Voter apathy could hit Ukraine elections
Many Ukrainians see the upcoming early vote as a déjà vu election because they will have to go to polling stations for the fourth time in three years. This could mean low voter turnout. During the presidential election in 2004, turnout was about 77%. In last year's poll that figure dropped to 65%. Many say that this time it could be less than that.
Some say the upcoming election could lead Ukraine out of its current political crisis, but many others are pessimistic. They don't believe it will change the balance of power and say it's just another political game.
President Viktor Yushchenko dissolved the parliament (the Rada) in April, causing months of protests in the streets of Kiev, which forced the emergency vote. Several months of protests on the streets of the Ukrainian capital, Kiev, followed the President’s decision. The sides finally managed to find an agreement to hold early parliamentary elections, set for September 30.

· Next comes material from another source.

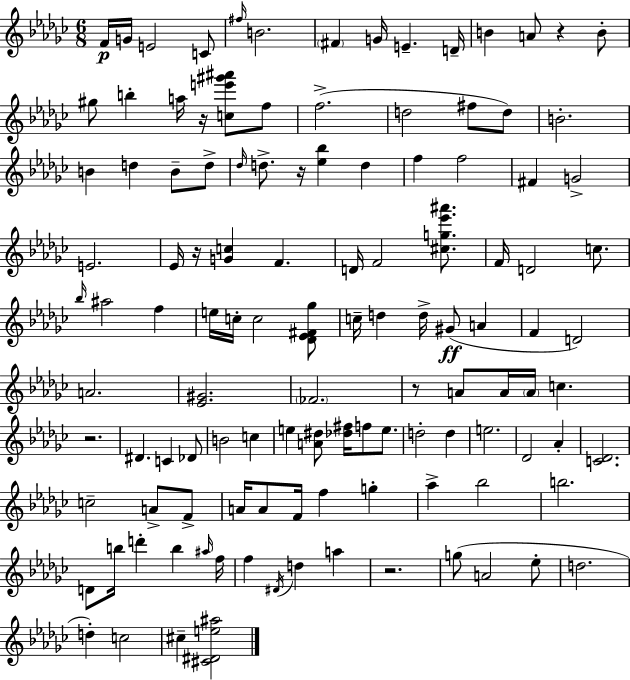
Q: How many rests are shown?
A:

Twenty-one parties have been registered to take part in the elections. This is a record for Ukraine. But the main fight for power will be taking place between the major political forces in Ukraine. They are the Party of the Regions, headed by the Ukrainian Prime Minister Viktor Yanukovich, the so-called Orange bloc -made up of the Yulia Timoshenko’s supporters – the Our Ukraine party and the People’s Self-Defence movement.
According to reports, Yulia Timoshenko’s bloc and Yury Lutsenko’s People’s Self-Defence movement (‘Narodna Samooborona’) will form a coalition if they manage to win a majority of seats in the Rada. And that, as many analysts say, could result in more people taking to the streets because that way Viktor Yanukovich’s party will find itself in opposition.
Yulia Timoshenko's plait became iconic at the time of the Orange Revolution. Yet behind the charming looks, there is an astute businesswoman. Directing several energy companies, she became one of the wealthiest tycoons in Ukraine. During that time she was nicknamed the “gas princess”, and faced accusations of smuggling gas between Ukraine and Russia and avoiding taxes. She was held in custody for several weeks but was later cleared of all charges.
As Prime Minister in the ‘orange’ government, she was criticised for trying to control prices and privatise big companies.
Yet for many, Yulia Timoshenko represents a historic chance to fight corruption and bring Ukraine closer to the West.
Viktor Yushchenko was highly regarded for his good looks, but all that changed after he was allegedly poisoned by a rival
President Yushchenko shared the same platform with her during the revolution. He was also highly regarded for his good looks. But all that changed after he was allegedly poisoned by a rival. With a scarred and blistered face weeks before the crucial vote, he toppled his foe in the presidential race.
But the euphoria soon came to an end.
Viktor Yushchenko dismissed Prime Minister Yulia Timoshenko for an alleged slowdown in the economy. Promised reforms were delayed and those accused of rigging the vote never went to jail.
In less than three years, the presidential Our Ukraine party fell behind Yulia Timoshenko 's bloc to 3rd place. But still there are people who believe in them.
Favourite in the latest polls, Viktor Yanukovich, no longer seems to be a tough street fighter. During the Orange Revolution, his opponents criticised him for his turbulent youth when he was convicted and jailed for robbery and assault. After a humiliating defeat, a team of American experts did miracles on his image and secured him a Prime Minister's job in less than two years. Backed by the richest man in Ukraine, Rinat Ahmetov, Mr Yanukovich is blamed for nepotism and heavy-handed authoritarian rule.
But for some, he may be the best bet to bring stability to Ukraine.
As for the political platforms of the parties, they are mostly the same – they deal with bread-and-butter issues like increasing pensions and salaries and improving demography.
So, this election in Ukraine seems to be once again about personalities and not political ideas.
But whatever the outcome, the parties have already rushed to take up seats at Independence Square. The presidential Our Ukraine party is building the stage to protest in case they think the vote is rigged. Their rivals, the Party of Regions, pitched up their tents right here too for the same reasons. And for ordinary Ukrainians, it seems the election craze will never be over.
Ukraine’s former president, Leonid Kuchma, doesn’t think that the upcoming election will solve the political crisis in the country.
“I don’t believe that early elections as a democratic tool will help Ukraine. The balance of powers will most likely stay the same – half the parliament from Eastern Ukraine, half from the West. Besides, the prime minister allowed the parliament to be dissolved, allowing such games to be possible in the future, if a certain political force isn’t satisfied with the results of the vote. So I think the elections will show that it’s not the solution for Ukraine,” Mr Kuchma said.